Just because something is out of the news does not mean the problem has been
solved. Hanford is out of the news. Have they dealt with the Hanford mess?
You know the answer is no; the estimate of what it will take now stands at
$112 billion (and rising) 

There will be no easy answers to our looming need to adapt to energy
reality. As peak oil hits - and global conventional oil has already peaked -
and the other fossil energy types (including recoverable uranium) will
quickly follow - capital availability is going to collapse. There will be no
energy available to spare. Shale oil is essentially a Ponzi scheme boom - as
the depletion rates of the Eagle-Ford formation (and increasingly now the
Bakken as well) demonstrate.

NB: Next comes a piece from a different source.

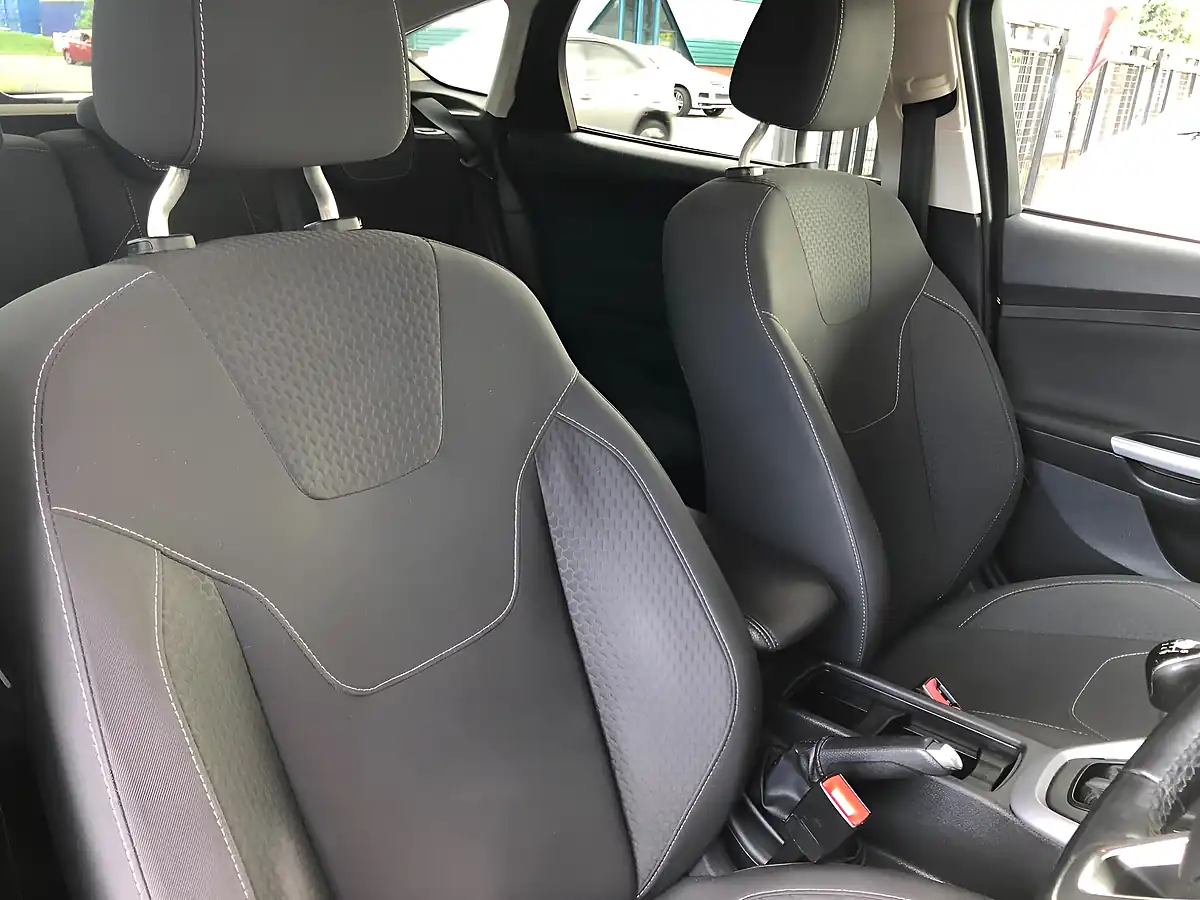 Used 2015 Ford Focus Zetec Black - Interior and Exterior details 18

The EROI of Canadian tar sand is really not all
that good - and mining, refining it is destroying and degrading vast areas
and huge amounts of fresh water. 

Everyone seems to be looking around hoping for that magical source of
energy. But it does not exist. We need to adapt and become more adept at
harvesting the solar flux and far more efficient in how we live. Otherwise
all we will be doing is ensuring our own and most large animal species
extinction - the global rate of species extinction is currently 10,000 times
the average background rate.. Just a thought to chew on.